The chemical manufacturing industry “over the last 30 years has gradually moved offshore,” said Benjamin Shobert, senior associate for international health at Seattle-based National Bureau of Asian Research. “Trying to unwind this is trying to unwind globalization.”

Chinese companies—as well as some international companies such as French pharmaceutical giant Rhodia SA—put their factories in China’s manufacturing-heavy eastern coast, including in Shandong, amid one of the world’s largest concentrations of oil refineries.

China’s industrial and economic boom fed the production of pharmaceutical chemicals. Growing demand for petroleum buoyed acetaminophen production. Soybean oil from expanding crops was used in the production of antibiotics. Rising pork consumption meant more heparin, which is made from pig intestines.

Before it was incorporated in 1998, Lu’an was a small state entity responsible for barely 1% of global acetaminophen output, according to Chinese industry and state records. By 2008, China’s industry had been reduced to four major producers, with Lu’an at the top.

Rhodia quit the pharmaceutical ingredient business in 2008. That left American company Covidien—now owned by Minnesota-based Medtronic PLC—as the world’s sole major non-Asian acetaminophen maker. As profit margins fell, Covidien spun off its acetaminophen business into Irish-based Mallinckrodt PLC in 2011.

By then, Lu’an was aggressively expanding overseas. In the U.S., Lu’an built ties with pharmaceutical importers, many among them small Chinese-run companies, shipping records show. These firms process Lu’an’s acetaminophen into tablets and capsules for generics and secondary brands.

Such importers also help Chinese makers like Lu’an navigate relationships and regulations requiring FDA approval around American drug wholesale and distribution, said Edwin de Voogd, a former senior vice president at Shanghai Fosun Pharmaceutical Group Co.

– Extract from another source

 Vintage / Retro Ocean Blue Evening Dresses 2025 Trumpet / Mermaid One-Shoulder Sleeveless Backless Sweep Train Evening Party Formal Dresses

Privately held Lu’an doesn’t regularly disclose financial data. A Wall Street Journal calculation indicates it produced about $250 million worth of acetaminophen last year, based on average prices.

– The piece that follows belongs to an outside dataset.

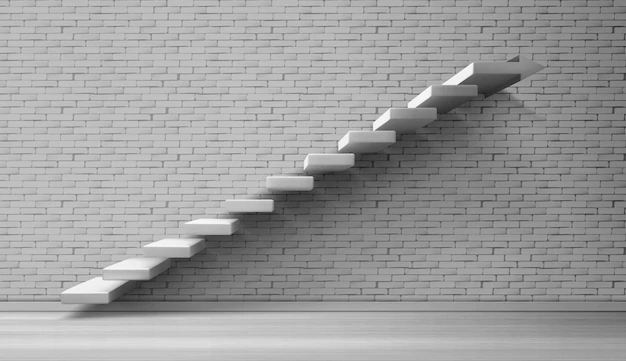 Free Vector | 3d stairs white staircase on brick wall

Mallinckrodt, which still has five plants in the U.S. that produce acetaminophen, said in a statement that it supports strengthening domestic API supply. “Overreliance on non-U.S. manufacturers for essential medicines, notably acetaminophen, puts the U.S. healthcare system at risk,” it said.

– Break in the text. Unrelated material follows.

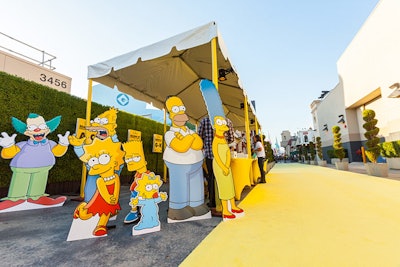 A 150-foot-long yellow carpet led the way into the party.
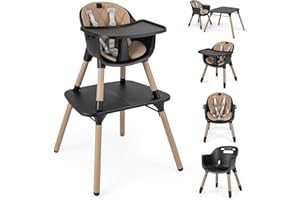 HONEY JOY 5-in-1 High Chair, Convertible Highchair for Babies and Toddlers/Kids Chair Table Set/Infant Feeding Chair w/Safety Harness, PU Leather Cushion & Removable Food Tray (Coffee)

Last year, Mallinckrodt posted net sales of acetaminophen API of $190 million, or 6% of its total net sales, down from 13% in 2013. The company meets less than a fifth of estimated global demand for acetaminophen.

French giant Sanofi SA said in February it would create a new company to make APIs. “In Europe, the new API industry champion is expected to help in balancing the industry’s heavy reliance on API sourced from the Asian region,” Sanofi said.

Lu’an attributed its success to “huge-scale” production and competitive prices. “Bringing API back to the U.S. is costly and lacks market competitiveness,” the company said to the Journal in a written statement. It said U.S. efforts to reshore its API manufacturing “don’t conform with the laws of market economics.”